Texas does not require voters to declare a party affiliation; PA does. Voters must declare a party when registering to vote, and when a voter wants to vote in another primary, he must re-register. There is no online option to do so, so the voter must fill out a paper form then mail or bring it back to the county elections office by the set deadline, which in the case of this year’s primary was March 24th. It’s not a major hassle, but it is a hassle, and most people don’t go through that to maintain the status quo.

In any event, Clinton was supposed to blow Obama out of the water in PA and he managed to keep it to 10 points, including winning Ed Rendell’s Philadelphia.

Robin

I started a tangental thread about this in GD.

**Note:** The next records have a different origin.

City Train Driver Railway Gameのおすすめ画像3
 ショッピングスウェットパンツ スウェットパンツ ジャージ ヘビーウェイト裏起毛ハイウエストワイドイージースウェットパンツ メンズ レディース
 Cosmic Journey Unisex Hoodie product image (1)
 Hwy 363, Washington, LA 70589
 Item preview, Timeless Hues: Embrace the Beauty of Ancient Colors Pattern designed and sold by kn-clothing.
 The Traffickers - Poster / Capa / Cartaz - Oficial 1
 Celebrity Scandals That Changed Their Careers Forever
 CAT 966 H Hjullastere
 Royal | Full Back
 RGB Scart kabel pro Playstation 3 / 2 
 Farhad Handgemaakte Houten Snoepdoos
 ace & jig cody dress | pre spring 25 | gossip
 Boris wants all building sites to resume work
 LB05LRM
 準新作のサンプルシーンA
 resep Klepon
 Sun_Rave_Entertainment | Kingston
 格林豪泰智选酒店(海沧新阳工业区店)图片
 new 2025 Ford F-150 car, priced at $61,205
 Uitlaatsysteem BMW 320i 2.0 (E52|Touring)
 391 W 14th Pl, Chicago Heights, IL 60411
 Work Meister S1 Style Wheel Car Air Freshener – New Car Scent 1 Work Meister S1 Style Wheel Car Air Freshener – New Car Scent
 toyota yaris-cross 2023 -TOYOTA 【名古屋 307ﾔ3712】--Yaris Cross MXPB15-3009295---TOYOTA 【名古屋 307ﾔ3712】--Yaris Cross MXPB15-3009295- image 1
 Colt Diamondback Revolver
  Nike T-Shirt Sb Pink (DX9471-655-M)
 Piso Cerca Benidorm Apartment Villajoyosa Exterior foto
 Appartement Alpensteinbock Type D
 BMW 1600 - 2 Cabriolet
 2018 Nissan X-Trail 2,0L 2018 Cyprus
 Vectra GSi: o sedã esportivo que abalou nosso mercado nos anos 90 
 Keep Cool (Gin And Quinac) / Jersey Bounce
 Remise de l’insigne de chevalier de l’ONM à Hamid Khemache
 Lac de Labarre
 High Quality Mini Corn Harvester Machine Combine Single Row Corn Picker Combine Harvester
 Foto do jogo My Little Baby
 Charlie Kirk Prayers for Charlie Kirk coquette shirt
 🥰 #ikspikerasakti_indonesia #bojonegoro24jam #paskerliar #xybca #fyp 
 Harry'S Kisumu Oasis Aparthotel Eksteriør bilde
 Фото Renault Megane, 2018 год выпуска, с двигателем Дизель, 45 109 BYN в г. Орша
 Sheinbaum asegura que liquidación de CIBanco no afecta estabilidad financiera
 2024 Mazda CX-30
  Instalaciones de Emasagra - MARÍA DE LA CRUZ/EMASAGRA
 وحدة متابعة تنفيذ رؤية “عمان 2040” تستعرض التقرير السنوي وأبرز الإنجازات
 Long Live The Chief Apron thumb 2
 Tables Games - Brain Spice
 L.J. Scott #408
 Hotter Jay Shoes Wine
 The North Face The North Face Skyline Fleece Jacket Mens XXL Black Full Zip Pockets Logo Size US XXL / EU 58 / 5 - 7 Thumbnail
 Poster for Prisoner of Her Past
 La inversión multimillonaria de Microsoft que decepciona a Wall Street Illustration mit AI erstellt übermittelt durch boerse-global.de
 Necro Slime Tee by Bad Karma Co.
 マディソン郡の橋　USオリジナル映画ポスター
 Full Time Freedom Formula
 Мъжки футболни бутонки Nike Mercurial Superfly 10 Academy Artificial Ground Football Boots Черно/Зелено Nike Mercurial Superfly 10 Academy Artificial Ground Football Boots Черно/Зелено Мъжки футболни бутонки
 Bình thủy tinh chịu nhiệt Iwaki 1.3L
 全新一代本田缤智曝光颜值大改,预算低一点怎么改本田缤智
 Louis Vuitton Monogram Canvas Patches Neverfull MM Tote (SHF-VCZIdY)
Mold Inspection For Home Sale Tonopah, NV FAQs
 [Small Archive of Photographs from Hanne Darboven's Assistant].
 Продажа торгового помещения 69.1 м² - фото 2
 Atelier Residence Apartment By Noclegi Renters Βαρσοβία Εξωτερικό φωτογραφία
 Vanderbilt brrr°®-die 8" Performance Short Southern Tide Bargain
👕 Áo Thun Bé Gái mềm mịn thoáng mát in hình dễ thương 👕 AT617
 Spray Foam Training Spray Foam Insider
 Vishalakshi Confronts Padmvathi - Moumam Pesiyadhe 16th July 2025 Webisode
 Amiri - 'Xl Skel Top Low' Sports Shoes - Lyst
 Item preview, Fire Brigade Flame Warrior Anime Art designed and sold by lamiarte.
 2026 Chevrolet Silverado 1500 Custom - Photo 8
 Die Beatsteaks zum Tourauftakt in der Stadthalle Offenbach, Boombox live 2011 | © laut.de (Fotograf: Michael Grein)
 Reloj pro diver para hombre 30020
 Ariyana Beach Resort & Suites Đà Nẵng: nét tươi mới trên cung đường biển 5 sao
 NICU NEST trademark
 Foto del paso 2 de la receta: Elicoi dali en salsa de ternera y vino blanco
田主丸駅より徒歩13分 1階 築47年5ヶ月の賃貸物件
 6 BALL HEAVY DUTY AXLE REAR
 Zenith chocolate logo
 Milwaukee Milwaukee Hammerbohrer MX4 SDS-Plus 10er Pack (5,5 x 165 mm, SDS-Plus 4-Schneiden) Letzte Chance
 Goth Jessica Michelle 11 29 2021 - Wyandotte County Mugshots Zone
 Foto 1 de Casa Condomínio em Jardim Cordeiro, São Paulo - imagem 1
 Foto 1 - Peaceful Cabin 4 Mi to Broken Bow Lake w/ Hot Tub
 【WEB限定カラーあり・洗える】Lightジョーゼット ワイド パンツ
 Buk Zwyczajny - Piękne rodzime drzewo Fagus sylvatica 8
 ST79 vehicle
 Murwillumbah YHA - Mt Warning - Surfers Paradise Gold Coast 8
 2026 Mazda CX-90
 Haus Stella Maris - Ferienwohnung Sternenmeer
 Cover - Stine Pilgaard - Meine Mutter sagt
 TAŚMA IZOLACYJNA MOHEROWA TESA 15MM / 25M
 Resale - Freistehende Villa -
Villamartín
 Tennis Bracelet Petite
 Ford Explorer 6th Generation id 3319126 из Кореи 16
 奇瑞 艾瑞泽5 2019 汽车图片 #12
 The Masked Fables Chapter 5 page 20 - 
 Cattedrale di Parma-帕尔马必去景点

Lots and lots of people changed party affiliations to vote in the dem primary in Pennsylvania, and a whole lot more of those voted for Hillary than polls suggested or anyone predicted. I think it’s safe to say a significant number of those party-changers registered Democrat to try to sabotage the election there.

Link for the interested:
Why is there a Democratic split in the U.S. and how do we heal it before November?

Yes, but that’s a two-edged sword. So long as it goes on, McCain gets relatively little attention. The Obama-Clinton fight comes to look like the real fight, with the November election a mere formality or sideshow, Dem victory a foregone conclusion.

Did it happen? Sure. Did enough Limbaugh Republicans vote to make even a 1% shift? Erm… maybe, although I kind of doubt it.

However, the only state where it might have made a difference was in Texas, but with the final results of 51-47, I really doubt there was a 4%+ Operation Chaos shift. As for the other states, Ohio wasn’t close. Pennsylvania wasn’t close. Republican “sabotage” voting or not, the results would have been the same in terms of Clinton staying in the race. Indiana was a squeaker and I could accept that, without Operation Chaos, Indiana might have been a tiny Obama win but it didn’t make any difference. A tiny Obama win in Indiana wouldn’t have made changed the game any more than the tiny Obama loss did. Clinton would have still stayed in for W. Virginia & Kentucky. Her campaign would have been declared dead by the media either way.

So I’m sure some Limbaugh listeners did it but it didn’t affect the actual Democratic primary race at all. Made for good ratings and ego-stroking exercise for Rush though, I’m sure.

What? The Real Clear Politics site for the PA primary shows a Clinton win by as much as 13 points immediately before the primary, and polls before that had her winning by larger margins than what she eventually got; everyone in PA was surprised that Obama had done as well as he had.

Having survived the Democratic primary with its saturation advertising, constant discussion and stumping by national-level officials, I think it’s safe to say that Rush’s influence, if he had one, was minimal. Chalk it up to the usual frantic campaigning that happens in large, delegate-rich states.

Robin

Once again, methinks that the fat gasbag has an inflated view od his own self-importance. And this story does nothing to diminish the idea that his listeners are nothing more than unthinking sheep. I sincerely hope that he doesn’t encourage them to committ suicide if Obama wins in November, because quite a few will no doubt do as he says.

Hmmm . . .

Oh, aherm, yes, I sincerely hope so too. That he does not, that is. That he does not. (sigh)

This article reports that Obama actually got a lot of sincere Pub crossover votes in Indiana (implying he will get even more in the general).